In 2015, Stamboulidis played for the Australia U19 Schoolboys.

During a youth game between Melbourne City FC and Melbourne Victory FC, Stamboulidis was identified by Paul Okon, the Australia U20 coach, during his scouting visit to the Melbourne Derby. Josep Gombau in his role as Australia U23 coach, also had discussions with Stamboulidis regarding him joining the Olyroos.

=== Greece ===
In March 2015, Stamboulidis was invited to take part in the Greece national under-19 team national team, following his tour with the Australia U19 Schoolboys tour in the United Kingdom in January. Late in the month, he featured in two friendlies against Ukraine U19 in Tripoli, Greece.
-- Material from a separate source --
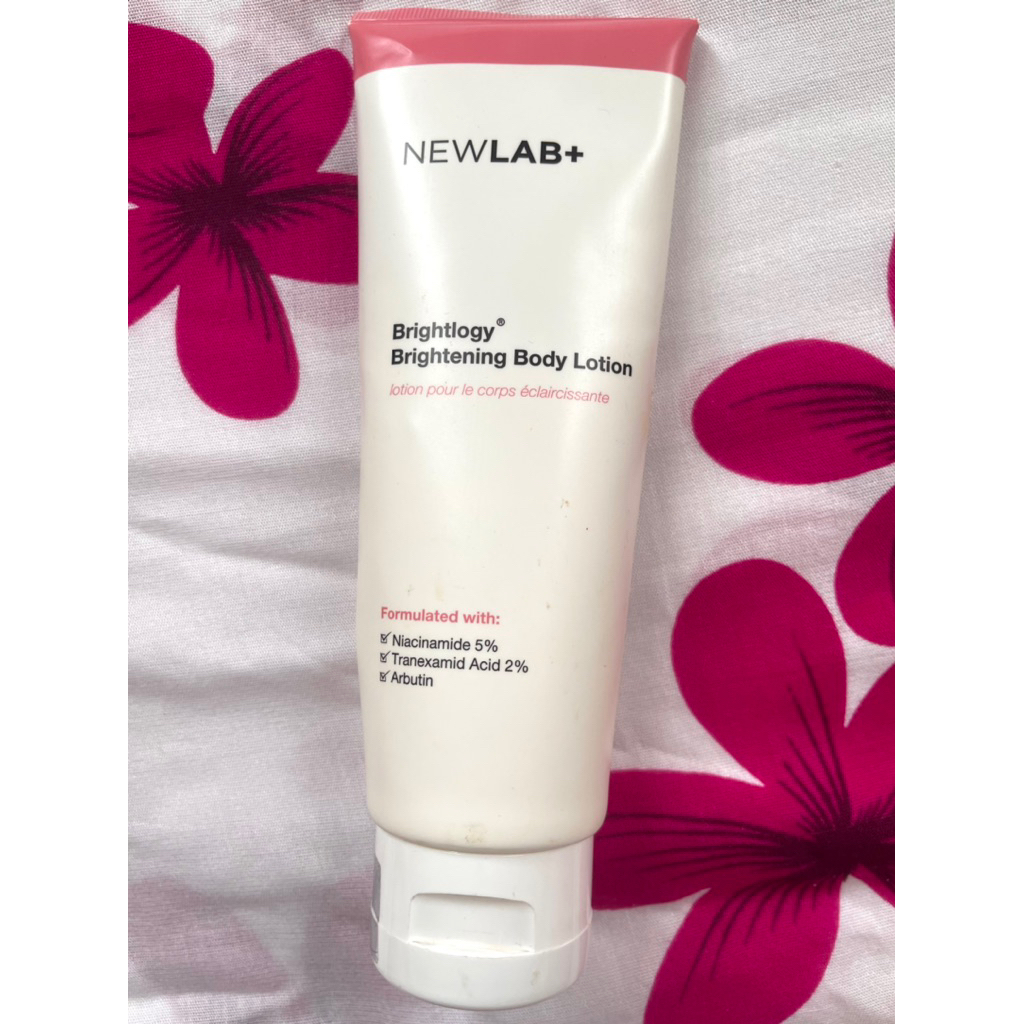 Newlab body lotion aha brightening pencerah kulit Newlab+ New Lab Brightlogy intensive brightening b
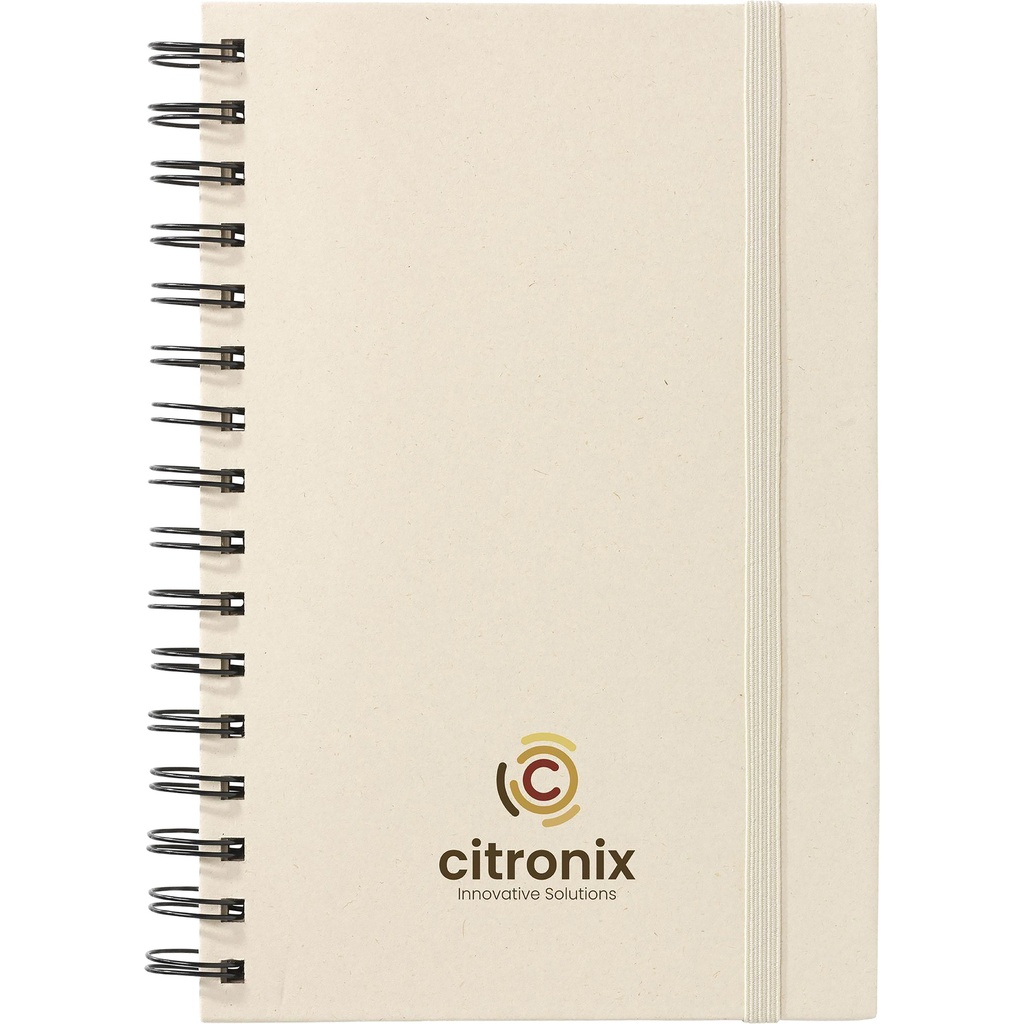 Sugarcane spiral notebook (approx. A5)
While preparing for the Greece national U19 team friendlies against Ukraine, Stamboulidis trained with U20 AEK and was asked to join them by Stelios Manolas. Stamboulidis however decided to accept a scholarship offered to him by Columbia University in New York City.

In June 2015, Stamboulidis noted he wanted to play for Australia.

== Style of play ==
A versatile player, he plays as either a central defender, a full-back on either side or a defensive midfielder.

== Personal life ==
Stamboulidis' younger brother George is also a footballer and student-athlete at Yale University.